— Task prompt —
Reply with the data below, repeated exactly in full.

— Excerpted records —
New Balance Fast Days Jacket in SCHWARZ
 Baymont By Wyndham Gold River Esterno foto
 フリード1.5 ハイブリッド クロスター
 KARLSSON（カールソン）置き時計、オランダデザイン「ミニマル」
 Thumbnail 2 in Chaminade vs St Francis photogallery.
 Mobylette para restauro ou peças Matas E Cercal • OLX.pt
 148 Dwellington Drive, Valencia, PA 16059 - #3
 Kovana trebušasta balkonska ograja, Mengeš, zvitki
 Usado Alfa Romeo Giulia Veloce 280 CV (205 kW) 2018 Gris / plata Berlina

— Response —
New Balance Fast Days Jacket in SCHWARZ
 Baymont By Wyndham Gold River Esterno foto
 フリード1.5 ハイブリッド クロスター
 KARLSSON（カールソン）置き時計、オランダデザイン「ミニマル」
 Thumbnail 2 in Chaminade vs St Francis photogallery.
 Mobylette para restauro ou peças Matas E Cercal • OLX.pt
 148 Dwellington Drive, Valencia, PA 16059 - #3
 Kovana trebušasta balkonska ograja, Mengeš, zvitki
 Usado Alfa Romeo Giulia Veloce 280 CV (205 kW) 2018 Gris / plata Berlina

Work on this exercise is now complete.